Боян отыскал у причалов свой челн-лодку, отвязал, направил в легкий речной туман, правя кленовым веслом. Греб сильными взмахами, наставив высоко поднятый нос челна к самому сердцу Днепра Славутича. А на середине грести перестал, пустив лодку по течению. Сам же застыл, положив гусли на колени.
Челн плавно вело, покачивало. Боян чуть тронул гусли длинными гибкими пальцами. Отозвались струны, но пока тихонько, словно боясь спугнуть раннюю тишь, словно не уловив еще волю хозяина. А Боян все ждал чего-то, глядя перед собой застывшими карими глазами.
Несмотря на то, что уже разменял пятый десяток, был певец Боян дивно хорош собой. Стать с годами не утратил, да и в длинных черных волосах, в аккуратно подрезанной бороде седина была как легкая изморозь. Морщины времени неглубоко избороздили лицо, а вот во взгляде, в манерах появилось нечто значительное, привлекавшее внимание. И где бы он ни появлялся — на торгах ли киевских или в весях отдаленных, везде выделялся из толпы, будто излучал сияние дивное, некое доброжелательное достоинство, перед которым сами снимались шапки с голов, вспоминались древний покон предков да вера в те времена, когда боги еще жили среди людей, ходили между ними, такие же особенные, незримо Прекрасные. Потому-то куда бы ни шел Боян, он никогда не брал с собой оружия, только гусельки еропчатые всегда покоились на боку. По ним и узнавали Велесова любимца, посланного к людям, чтобы радость нести, тешить редкостным даром.
А пока Боян сидел посреди вольной реки, пытаясь уловить то, что одному ему зримо, что положит на мелодию, сделает слова песней. Смотрел орлиным взором туда, где светлела вода под расступающимся рассветным небом, где от восходящего Хороса-Солнышка начинало оно розоветь, наполняться брусничным отсветом расходиться до бескрайности голубым простором.
И дрогнули пальцы певца на струнах, зазвучали они сильно, повторяя плавность набегающей волны, силу рождающегося нового дня.

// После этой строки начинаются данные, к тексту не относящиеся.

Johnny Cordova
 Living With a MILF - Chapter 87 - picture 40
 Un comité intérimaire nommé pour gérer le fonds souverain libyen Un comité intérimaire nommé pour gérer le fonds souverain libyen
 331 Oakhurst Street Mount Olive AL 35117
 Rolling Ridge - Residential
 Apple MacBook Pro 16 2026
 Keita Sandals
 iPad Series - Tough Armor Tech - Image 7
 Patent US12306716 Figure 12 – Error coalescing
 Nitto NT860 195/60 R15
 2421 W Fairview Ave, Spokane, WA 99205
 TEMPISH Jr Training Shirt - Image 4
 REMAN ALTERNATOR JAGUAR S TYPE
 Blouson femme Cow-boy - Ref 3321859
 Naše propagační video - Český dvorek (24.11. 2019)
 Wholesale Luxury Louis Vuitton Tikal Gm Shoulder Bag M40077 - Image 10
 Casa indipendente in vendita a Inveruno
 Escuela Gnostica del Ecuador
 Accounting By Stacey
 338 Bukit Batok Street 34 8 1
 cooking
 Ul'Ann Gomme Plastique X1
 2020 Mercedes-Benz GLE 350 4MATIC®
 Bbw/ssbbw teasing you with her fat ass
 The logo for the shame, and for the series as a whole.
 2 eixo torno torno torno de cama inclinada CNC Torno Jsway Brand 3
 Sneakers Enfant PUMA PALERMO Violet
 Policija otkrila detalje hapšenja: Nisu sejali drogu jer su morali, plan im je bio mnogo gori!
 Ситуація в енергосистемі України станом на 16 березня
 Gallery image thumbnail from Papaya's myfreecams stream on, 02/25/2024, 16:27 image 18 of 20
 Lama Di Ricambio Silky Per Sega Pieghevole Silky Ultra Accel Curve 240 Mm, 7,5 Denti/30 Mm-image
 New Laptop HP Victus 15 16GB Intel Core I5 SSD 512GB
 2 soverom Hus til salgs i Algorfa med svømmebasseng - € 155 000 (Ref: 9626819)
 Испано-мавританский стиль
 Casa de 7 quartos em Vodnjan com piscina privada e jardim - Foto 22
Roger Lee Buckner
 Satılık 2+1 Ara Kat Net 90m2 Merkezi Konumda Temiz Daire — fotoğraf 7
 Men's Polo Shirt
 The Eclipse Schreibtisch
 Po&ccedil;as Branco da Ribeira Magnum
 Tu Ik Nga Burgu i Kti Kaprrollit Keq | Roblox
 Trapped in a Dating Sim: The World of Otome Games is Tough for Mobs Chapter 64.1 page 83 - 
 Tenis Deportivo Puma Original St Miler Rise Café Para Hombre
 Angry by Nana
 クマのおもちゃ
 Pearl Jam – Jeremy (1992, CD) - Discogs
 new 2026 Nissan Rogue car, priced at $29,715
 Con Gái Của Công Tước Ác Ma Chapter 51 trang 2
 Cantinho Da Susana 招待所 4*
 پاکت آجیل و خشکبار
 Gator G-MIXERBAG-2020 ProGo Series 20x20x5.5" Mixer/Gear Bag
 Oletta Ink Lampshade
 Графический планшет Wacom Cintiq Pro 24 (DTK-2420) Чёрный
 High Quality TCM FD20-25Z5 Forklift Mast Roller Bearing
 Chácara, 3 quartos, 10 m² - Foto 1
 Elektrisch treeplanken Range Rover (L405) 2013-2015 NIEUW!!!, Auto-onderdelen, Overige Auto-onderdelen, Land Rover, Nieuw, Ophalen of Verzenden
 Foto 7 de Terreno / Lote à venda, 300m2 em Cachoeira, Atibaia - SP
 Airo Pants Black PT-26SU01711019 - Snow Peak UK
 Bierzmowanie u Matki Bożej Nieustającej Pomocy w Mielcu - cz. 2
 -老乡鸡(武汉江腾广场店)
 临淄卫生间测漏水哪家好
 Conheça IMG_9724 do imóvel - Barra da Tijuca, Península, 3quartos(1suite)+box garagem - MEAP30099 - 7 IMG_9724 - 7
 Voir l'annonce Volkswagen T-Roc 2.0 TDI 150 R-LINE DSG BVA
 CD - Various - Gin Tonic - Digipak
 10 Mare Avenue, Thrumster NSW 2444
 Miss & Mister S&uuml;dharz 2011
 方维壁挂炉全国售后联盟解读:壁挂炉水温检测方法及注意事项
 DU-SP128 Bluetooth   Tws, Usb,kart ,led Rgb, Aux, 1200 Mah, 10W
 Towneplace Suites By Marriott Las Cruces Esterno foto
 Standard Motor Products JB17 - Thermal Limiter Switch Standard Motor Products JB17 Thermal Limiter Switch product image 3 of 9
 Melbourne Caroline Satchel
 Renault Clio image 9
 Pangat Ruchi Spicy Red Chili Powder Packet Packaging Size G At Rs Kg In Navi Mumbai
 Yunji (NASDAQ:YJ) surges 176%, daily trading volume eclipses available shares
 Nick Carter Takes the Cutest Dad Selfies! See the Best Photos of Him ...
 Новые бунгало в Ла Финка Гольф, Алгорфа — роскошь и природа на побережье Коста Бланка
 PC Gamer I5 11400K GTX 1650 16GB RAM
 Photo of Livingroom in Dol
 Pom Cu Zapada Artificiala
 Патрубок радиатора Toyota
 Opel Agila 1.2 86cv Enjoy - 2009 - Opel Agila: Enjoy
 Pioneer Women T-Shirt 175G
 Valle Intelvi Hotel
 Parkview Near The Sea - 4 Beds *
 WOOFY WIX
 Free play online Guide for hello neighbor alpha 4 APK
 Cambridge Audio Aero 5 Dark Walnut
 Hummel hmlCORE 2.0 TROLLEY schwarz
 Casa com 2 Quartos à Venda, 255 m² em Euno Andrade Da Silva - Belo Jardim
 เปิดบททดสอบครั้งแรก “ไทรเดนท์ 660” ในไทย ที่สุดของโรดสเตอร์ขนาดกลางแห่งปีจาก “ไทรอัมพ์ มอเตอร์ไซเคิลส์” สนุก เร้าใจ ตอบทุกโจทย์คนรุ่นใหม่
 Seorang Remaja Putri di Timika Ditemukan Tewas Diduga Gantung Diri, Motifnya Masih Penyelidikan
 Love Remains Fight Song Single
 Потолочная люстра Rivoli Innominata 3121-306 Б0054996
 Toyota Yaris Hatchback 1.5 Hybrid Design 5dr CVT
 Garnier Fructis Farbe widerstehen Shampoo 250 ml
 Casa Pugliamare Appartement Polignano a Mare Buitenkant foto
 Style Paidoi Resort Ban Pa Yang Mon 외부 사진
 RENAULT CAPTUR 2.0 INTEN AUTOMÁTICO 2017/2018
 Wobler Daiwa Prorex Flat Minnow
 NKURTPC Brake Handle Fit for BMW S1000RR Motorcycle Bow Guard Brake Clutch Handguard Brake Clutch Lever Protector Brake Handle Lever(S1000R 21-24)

Боян наполнил вольным воздухом грудь и запел:
Ты играй, играй, сила-силушка,
Ты лети, лети, песня звонкая.
Унеси меня за тот видокрай,
Где родит Зоря новый ясен день.
Пел Боян и о богатствах простора, и о кручах днепровских, пел и о желании быть соколом, умеющим обозреть с высот дальние края. Но какие бы земли ни простирались под сияющим Хоросом, везде ждут от Неба живительной влаги, везде Купала поит поля, и в ответ Мать-Земля родит свою красу, зелень да цветы, поднимает жито-хлебушко.